> Your objective
Transcribe all the data below exactly, leaving its pictures out.

> Input data
● ● ● ● ●

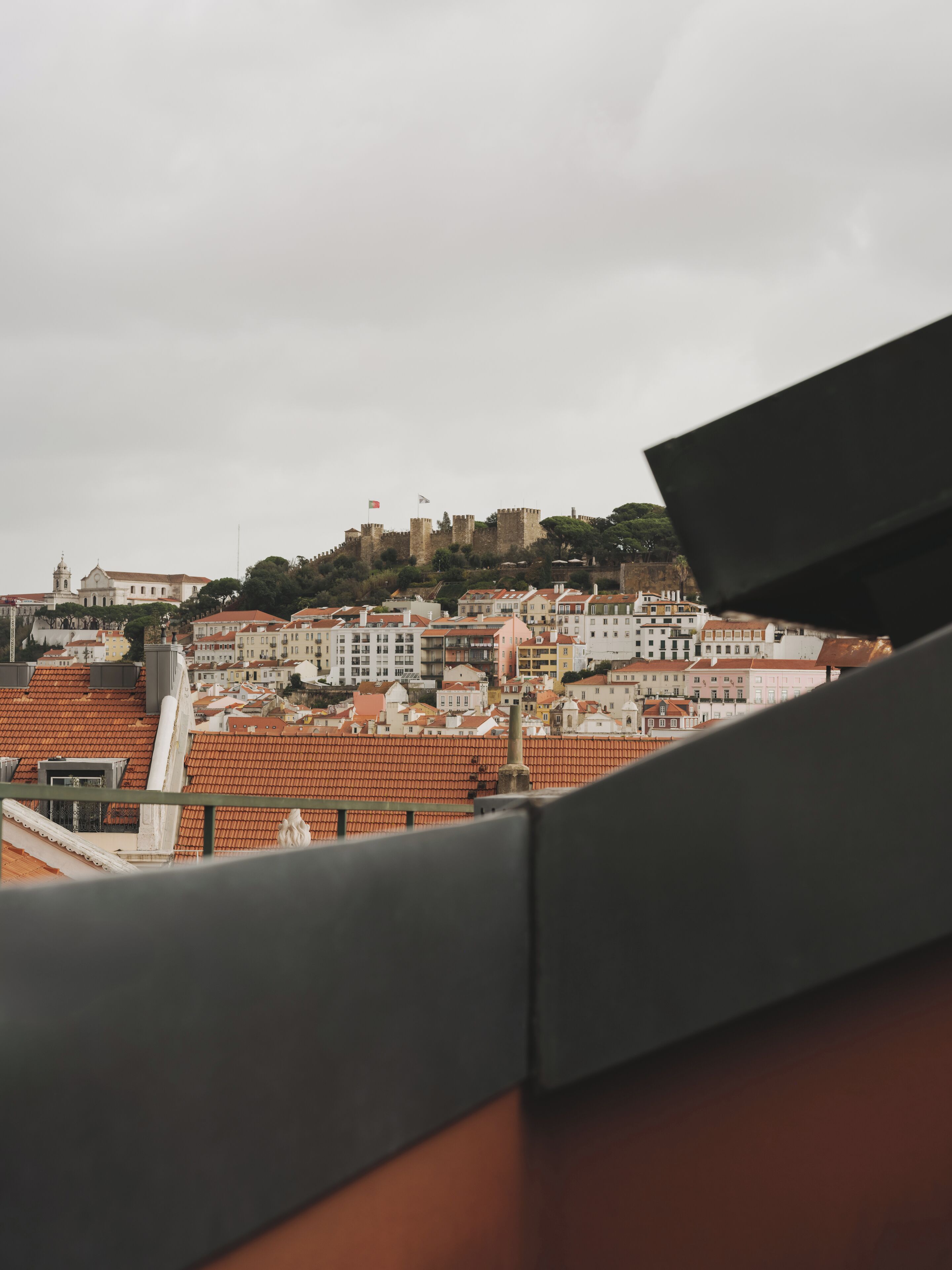 Un paisaje urbano con una estructura imponente similar a un castillo en una colina, rodeado de edificios residenciales con techos de tejas rojas.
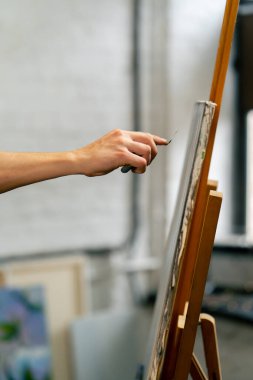 Bir sanat atölyesinde mavi tişörtlü bir sanatçı palet bıçağıyla geniş bir vuruş yapar.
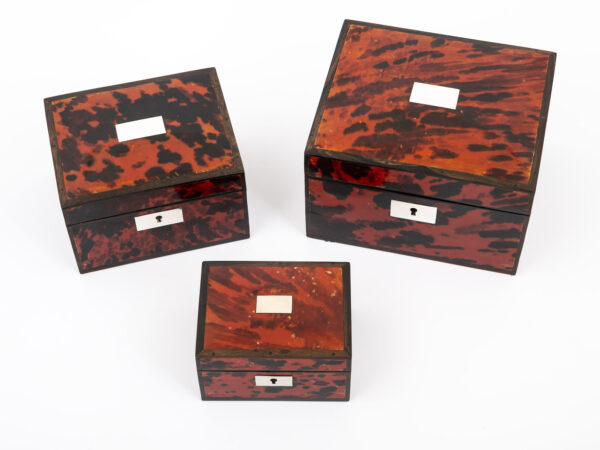 3 red tortoiseshell boxes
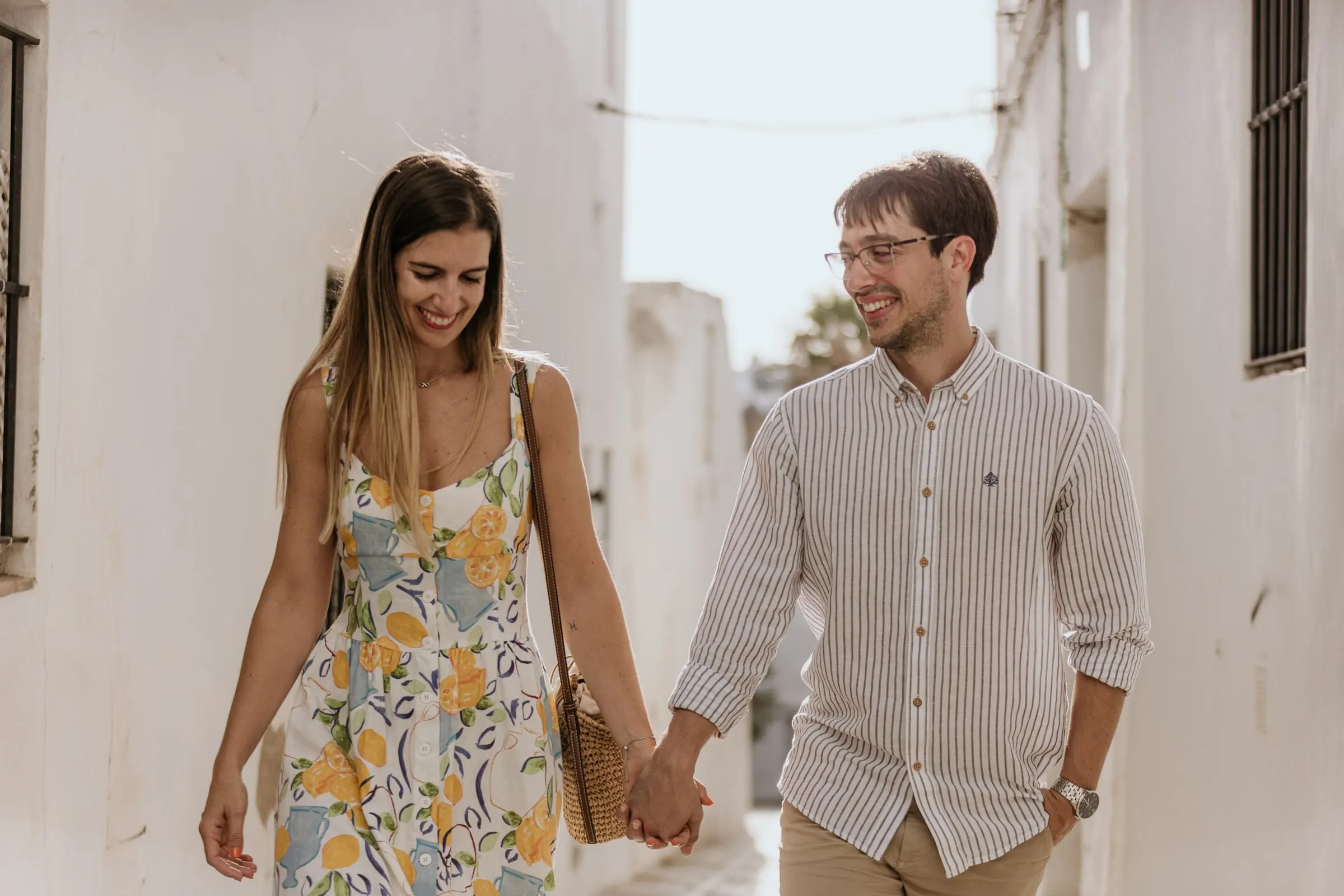 La pareja ríe mientras baja de la mano una calle blanca y soleada de Vejer de la Frontera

● ● ● ● ●

> Written solution
 Un paisaje urbano con una estructura imponente similar a un castillo en una colina, rodeado de edificios residenciales con techos de tejas rojas.
 Bir sanat atölyesinde mavi tişörtlü bir sanatçı palet bıçağıyla geniş bir vuruş yapar.
 3 red tortoiseshell boxes
 La pareja ríe mientras baja de la mano una calle blanca y soleada de Vejer de la Frontera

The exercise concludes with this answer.